Coal mine floods in northern China: 12,000 mines ordered to close

From Wikinews, the free news source you can write!
Jump to navigation Jump to search

Sunday, November 20, 2005

Update November 21, 2005: All of the 14 miners missing were confirmed dead on Monday, the official Xinhua News Agency said.

Seven miners have been killed and seven more are missing after a coal mine flooded in north China's Hebei province. The Xinhua news agency reports the latest coal mine disaster occurred around 5:00 a.m. on Saturday in Xingtai City.

A reason for the accident has not yet been given. Owners of the coal mine have been detained by local police and the investigation into the cause of the flooding is underway. State media reports say the disaster occurred at a pit in Xingtai City, but gave few other details.

China's mines, many of them illegal, are considered the world's most dangerous. More than 6,000 miners died in accidents in China last year, according to previously released government figures. Other independent estimates put the real figure at around 20,000.

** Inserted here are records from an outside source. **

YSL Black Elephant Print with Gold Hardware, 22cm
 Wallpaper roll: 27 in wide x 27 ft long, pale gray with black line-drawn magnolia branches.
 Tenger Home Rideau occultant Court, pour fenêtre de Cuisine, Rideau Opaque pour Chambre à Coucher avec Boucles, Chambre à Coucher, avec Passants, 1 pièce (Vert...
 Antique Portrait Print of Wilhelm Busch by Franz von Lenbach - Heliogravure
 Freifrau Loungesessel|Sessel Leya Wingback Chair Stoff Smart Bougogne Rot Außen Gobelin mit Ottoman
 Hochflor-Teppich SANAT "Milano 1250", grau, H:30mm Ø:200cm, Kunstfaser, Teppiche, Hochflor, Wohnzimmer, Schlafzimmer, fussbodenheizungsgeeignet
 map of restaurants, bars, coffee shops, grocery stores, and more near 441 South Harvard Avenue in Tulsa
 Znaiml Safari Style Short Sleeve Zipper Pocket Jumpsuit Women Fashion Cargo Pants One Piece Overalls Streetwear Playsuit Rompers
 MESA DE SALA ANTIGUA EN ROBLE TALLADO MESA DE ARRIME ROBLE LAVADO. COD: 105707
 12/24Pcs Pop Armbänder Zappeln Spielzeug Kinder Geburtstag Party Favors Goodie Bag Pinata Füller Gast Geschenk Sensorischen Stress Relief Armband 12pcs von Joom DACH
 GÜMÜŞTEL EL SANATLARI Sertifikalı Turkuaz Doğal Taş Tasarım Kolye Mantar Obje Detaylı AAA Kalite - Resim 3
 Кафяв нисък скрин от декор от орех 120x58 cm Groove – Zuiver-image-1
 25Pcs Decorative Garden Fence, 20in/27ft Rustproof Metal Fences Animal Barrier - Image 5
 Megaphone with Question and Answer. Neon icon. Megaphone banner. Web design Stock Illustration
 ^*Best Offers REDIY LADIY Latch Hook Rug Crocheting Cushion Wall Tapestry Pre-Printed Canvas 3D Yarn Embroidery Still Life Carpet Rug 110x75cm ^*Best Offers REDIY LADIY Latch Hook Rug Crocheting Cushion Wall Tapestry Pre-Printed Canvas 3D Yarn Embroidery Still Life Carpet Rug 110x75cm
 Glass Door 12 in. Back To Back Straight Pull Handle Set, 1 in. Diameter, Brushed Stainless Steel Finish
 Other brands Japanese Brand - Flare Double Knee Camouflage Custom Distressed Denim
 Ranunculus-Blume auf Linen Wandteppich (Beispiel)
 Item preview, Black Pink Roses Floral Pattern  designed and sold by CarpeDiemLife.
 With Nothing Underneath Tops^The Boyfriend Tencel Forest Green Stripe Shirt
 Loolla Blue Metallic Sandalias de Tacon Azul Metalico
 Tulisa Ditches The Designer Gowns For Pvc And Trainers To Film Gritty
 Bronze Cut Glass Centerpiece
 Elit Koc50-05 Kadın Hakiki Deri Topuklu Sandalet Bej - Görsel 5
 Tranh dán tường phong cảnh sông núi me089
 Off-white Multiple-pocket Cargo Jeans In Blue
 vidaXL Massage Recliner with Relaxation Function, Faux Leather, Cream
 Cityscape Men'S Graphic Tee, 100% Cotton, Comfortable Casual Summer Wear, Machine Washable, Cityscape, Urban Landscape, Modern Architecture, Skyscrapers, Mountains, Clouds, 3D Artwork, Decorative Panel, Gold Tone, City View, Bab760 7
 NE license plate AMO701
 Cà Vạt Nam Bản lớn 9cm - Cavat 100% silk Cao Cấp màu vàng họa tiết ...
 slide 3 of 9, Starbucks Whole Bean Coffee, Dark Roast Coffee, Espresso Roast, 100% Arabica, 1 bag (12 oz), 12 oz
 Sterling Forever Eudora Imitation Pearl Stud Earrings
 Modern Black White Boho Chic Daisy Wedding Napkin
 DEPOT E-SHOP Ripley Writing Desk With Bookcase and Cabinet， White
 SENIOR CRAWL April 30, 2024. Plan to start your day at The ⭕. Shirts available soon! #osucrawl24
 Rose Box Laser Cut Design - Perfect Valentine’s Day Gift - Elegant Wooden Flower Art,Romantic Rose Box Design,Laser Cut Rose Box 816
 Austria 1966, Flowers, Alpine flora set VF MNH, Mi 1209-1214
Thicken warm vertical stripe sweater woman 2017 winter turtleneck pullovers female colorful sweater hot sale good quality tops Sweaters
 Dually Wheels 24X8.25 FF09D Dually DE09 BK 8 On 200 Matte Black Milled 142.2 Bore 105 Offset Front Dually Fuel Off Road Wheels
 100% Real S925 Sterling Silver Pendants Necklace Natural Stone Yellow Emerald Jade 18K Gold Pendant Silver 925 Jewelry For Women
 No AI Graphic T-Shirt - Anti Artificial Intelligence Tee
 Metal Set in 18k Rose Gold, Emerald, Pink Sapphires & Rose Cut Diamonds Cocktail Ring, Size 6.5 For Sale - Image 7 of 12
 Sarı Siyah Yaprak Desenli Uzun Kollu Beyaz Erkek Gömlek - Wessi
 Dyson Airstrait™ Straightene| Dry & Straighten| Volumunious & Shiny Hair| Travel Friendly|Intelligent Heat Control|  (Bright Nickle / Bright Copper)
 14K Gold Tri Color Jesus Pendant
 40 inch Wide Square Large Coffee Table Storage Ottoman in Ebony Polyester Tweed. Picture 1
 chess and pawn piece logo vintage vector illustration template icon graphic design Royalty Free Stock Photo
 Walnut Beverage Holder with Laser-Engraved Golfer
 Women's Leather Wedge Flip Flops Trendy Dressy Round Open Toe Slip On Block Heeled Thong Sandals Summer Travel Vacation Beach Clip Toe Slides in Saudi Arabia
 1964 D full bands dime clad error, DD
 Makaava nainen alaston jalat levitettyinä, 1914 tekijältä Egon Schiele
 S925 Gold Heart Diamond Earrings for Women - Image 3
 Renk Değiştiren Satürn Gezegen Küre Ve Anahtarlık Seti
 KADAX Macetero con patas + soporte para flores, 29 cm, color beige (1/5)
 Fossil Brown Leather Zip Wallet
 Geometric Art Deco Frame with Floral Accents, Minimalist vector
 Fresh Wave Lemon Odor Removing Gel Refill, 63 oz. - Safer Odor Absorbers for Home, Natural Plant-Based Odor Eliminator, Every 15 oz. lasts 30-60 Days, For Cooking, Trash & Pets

Saturday's accident follows a gas explosion at a coal mine in south-western China's Guizhou province on Friday killing at least ten people.

Xinhua reports that rescue work is underway, according to the local work safety supervision bureau. A spokesman said Yuanda Coal Mine, a collectively-owned mine in Neiqiu county of Xingtai, was flooded and all the 14 miners working down the pit were trapped.

This is the second fatal mine accident in the area in two weeks. Cave-ins at three plaster mines on November 6 caused 33 deaths and left at least four missing.

Government orders closure of 12,000 mines

A committee for safe production, under the State Council, on Sunday urged relevant local governments to streamline the operation of mines and close unqualified ones.

More than 12,000 Chinese mines have been ordered to suspend production, and they will be closed if they fail to pass government assessments at the end of this year, the committee said.

A gas explosion on November 11 at a mine in Wuhai, a city in north China's Inner Mongolia Autonomous Region, killed 16 miners and wounded three others. The mine lacked a required safety license.

The committee said in a statement that other mines should draw serious lessons from the deadly accident and "steadfastly prevent illegal production and curb the occurrence of big mining accidents." (Source: Xinhua)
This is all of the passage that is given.